Perhaps most importantly, while both Wilkens and Blevins explain their methodology in some detail, they clearly do that so their readers can make sense of and critically evaluate their arguments. Wilkens’s methodological explanation is relegated to an appendix; Blevins’s to his online component. In both cases, their method takes a backseat to their argument. However innovative and technically impressive they might be, both of them treat their computer-aided methods as a means to an end rather than an end in itself.
That Wilkens’s and Blevins’s articles represent something encouraging in the digital humanities should not be taken as an aspersion directed at other types of work produced by digital humanists. Digital humanities projects are often more publicly engaged than traditional humanities scholarship. At a moment when many worry that the social, cultural, and political impact of the humanities is waning, the public humanities dimensions of the digital [End Page 135] humanities could not be more vital. That said, engaging a broad public is not the only role the digital humanities can play in the humanities. Wilkens’s and Blevins’s articles exemplify another contribution of the digital humanities that has been long blossoming and is now increasingly bearing mature fruit: the use of computer-aided methods to develop novel arguments about literature, history, and culture.

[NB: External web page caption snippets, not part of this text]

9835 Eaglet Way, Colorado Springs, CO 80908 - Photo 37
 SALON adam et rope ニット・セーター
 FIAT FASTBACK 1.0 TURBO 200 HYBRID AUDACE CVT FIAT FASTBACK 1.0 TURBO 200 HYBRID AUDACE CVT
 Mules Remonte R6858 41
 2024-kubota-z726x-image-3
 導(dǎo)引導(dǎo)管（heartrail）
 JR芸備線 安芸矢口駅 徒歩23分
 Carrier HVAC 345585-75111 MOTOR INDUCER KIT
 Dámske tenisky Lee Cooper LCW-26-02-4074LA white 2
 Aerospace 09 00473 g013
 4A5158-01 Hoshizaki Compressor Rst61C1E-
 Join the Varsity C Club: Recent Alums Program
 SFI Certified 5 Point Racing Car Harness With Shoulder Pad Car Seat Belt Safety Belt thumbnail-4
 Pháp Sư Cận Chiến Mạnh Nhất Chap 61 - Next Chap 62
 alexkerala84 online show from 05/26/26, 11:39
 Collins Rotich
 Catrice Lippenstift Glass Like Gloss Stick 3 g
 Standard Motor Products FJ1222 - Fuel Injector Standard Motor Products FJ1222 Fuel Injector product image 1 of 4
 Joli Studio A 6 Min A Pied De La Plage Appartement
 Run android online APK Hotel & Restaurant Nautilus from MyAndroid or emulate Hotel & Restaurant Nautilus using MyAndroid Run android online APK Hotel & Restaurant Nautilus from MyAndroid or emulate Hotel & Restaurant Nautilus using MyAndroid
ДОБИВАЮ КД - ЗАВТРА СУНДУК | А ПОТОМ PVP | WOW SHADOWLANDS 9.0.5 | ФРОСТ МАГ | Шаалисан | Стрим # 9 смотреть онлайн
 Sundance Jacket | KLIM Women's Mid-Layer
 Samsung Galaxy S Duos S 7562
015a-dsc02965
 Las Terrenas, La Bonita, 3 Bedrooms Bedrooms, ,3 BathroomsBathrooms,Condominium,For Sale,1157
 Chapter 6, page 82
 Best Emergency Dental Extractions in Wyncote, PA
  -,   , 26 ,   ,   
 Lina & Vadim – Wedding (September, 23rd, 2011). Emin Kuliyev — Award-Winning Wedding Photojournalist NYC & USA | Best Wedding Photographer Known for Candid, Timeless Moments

Robert K. Nelson is director of the Digital Scholarship Lab and affiliated faculty in the American Studies Program at the University of Richmond. He has authored, directed, or edited digital humanities projects such as “Mining the Dispatch,” an enhanced edition of the Atlas of the Historical Geography of the United States, and “Redlining Richmond.” He writes and teaches on antislavery and slavery in the nineteenth-century United States.
1. Kathleen Fitzpatrick, “Beyond Metrics: Community Authorization and Open Peer Review,” in Debates in the Digital Humanities, ed. Matthew K. Gold (Minneapolis: University of Minnesota Press, 2012), 453–54.